Graffiti artists tell story of Sudan's revolution with murals

ANADOLU AGENCY
KHARTOUM
Published 19.07.2019 00:07
A wall painted by graffiti artists in Sudan describes the mood of the people.
A wall painted by graffiti artists in Sudan describes the mood of the people.

Inspired by popular protests that swept autocrat Omar al-Bashir from power, graffiti artists have been using the walls in the capital Khartoum to express their aspirations for a better future in Sudan. Everywhere, murals and portraits are painted across the walls documenting protests that began in December against al-Bashir's regime and eventually led to his ouster by the military in April. Drawings reflecting the revolution's slogans for "freedom, justice and peace" are also painted on the walls as part of campaigns to mobilize protesters demanding the handover of power to a civilian administration.

"We consider ourselves one of the genuine initiators of the revolution," Muhanad Khalafallah, a graffiti artist, told Anadolu Agency (AA). He said artists have painted the majority of walls in many areas in Khartoum to express their dreams and aspirations. "The arts always flourish during revolutions," he said, adding that their paintings help inspire and mobilize the public to rally until their aspirations are fulfilled. "Freedom of expression is a matter that can be guaranteed in a government representing the revolution," he said.

Voices of revolution

Khalafallah said artists have painted all the walls around the sit-in near the army headquarters. "We worked for days and nights to finish our work during the sit-in, but the security forcess have demolished our work after the dispersal of the sit-in," he said.

"We were planning to convert the area into a big exhibition that shows the greatness of our revolution but the enemies of the revolution have intentionally demolished them after the sit-in's dispersal," he lamented.

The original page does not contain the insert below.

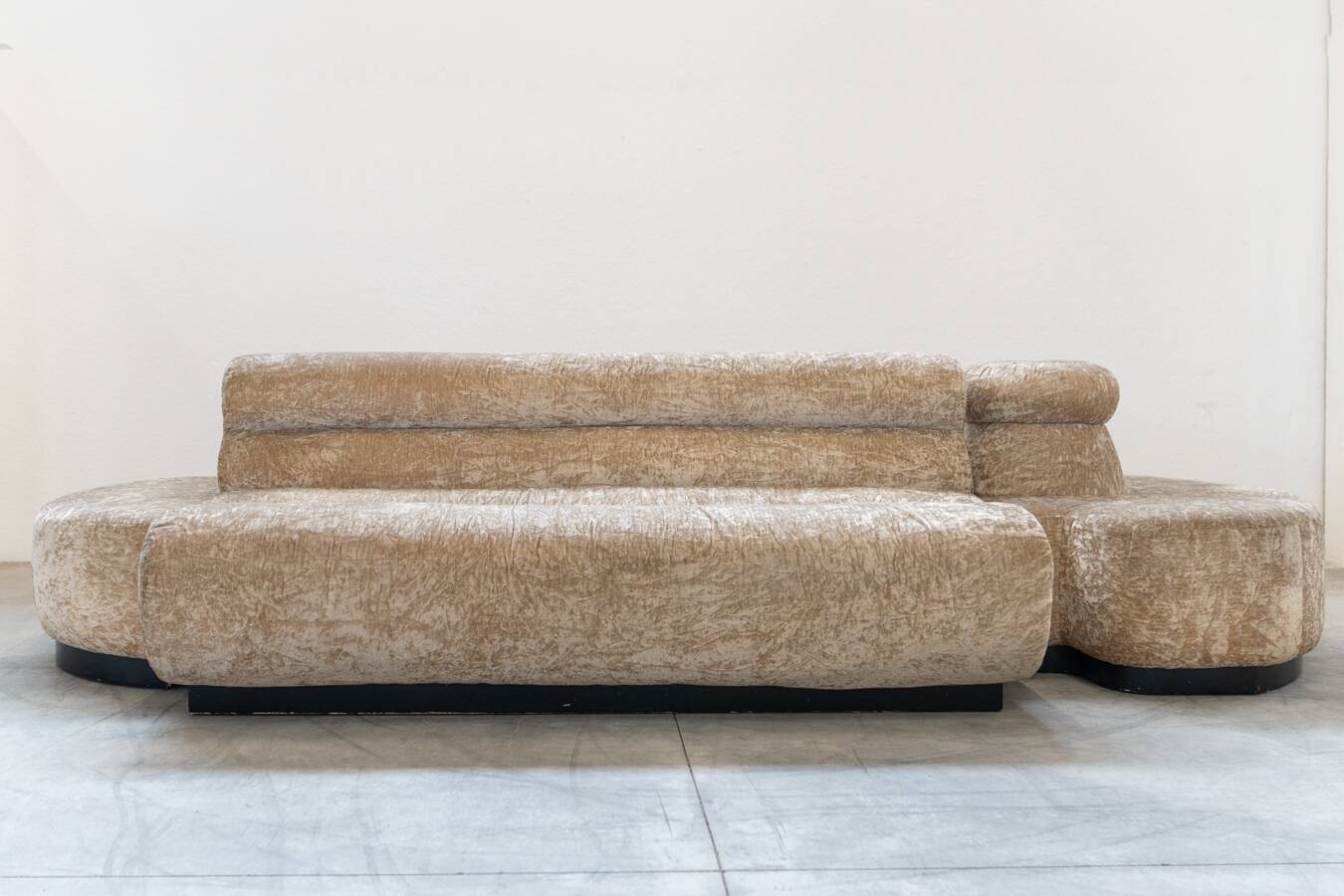 Beige chenille sectional sofa, 3 pieces, 1970s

Prominent Sudanese musician Mohamed Marzoog said musicians have also played a major role in rallying support for the Sudanese revolution. "Music and songs are the voice of the revolution," Marzoog told AA: "We don't represent ourselves," he said. "We show the pulse of the people and the revolution."

According to Marzoog, musicians, artists and singers had been oppressed under al-Bashir's regime. "This is why the revolution has seen a heavy participation from artists," he said.

#blueforSudan

The Sudanese diaspora have also joined the effort to tell the story of the Sudanese revolution on the walls. Speaking with AA, Berlin-based graphic designer Ahmed Islam Aldin said the Sudanese living abroad have engaged in a solidarity campaign to support artists back home. "Designers and artists have filled the virtual sphere with a lot of artworks," he said. "Some were used as posters during demonstrations, while others were used to raise awareness among protesters."

Islam Aldin said several online platforms were launched in an effort to rally support for the Sudanese revolution. "Our platform was used to launch #askmeaboutsudan and #blueforSudan after the story of Mohamed Mattar and his favorite color – blue" he said.

Mattar, a 26-year-old British Sudanese engineer, was killed during the violent breakup of the protest sit-in in Khartoum. Mattar's social media profile photo had been a solid shade of deep turquoise blue when he died. His death has prompted thousands of sympathizers around the world to change the color of their Instagram to rally support for protests in Sudan.

Islam Aldin said the use of posters and artistic slogans during protests in Sudan has led to a new boom in arts and political arts in general in Sudan. In January, a group of diaspora artists and curators came with the idea of organizing exhibitions in different capitals to raise awareness about the Sudanese revolution. The exhibitions were held in Berlin, Venice, Vienna, Sydney, Paris and other cities.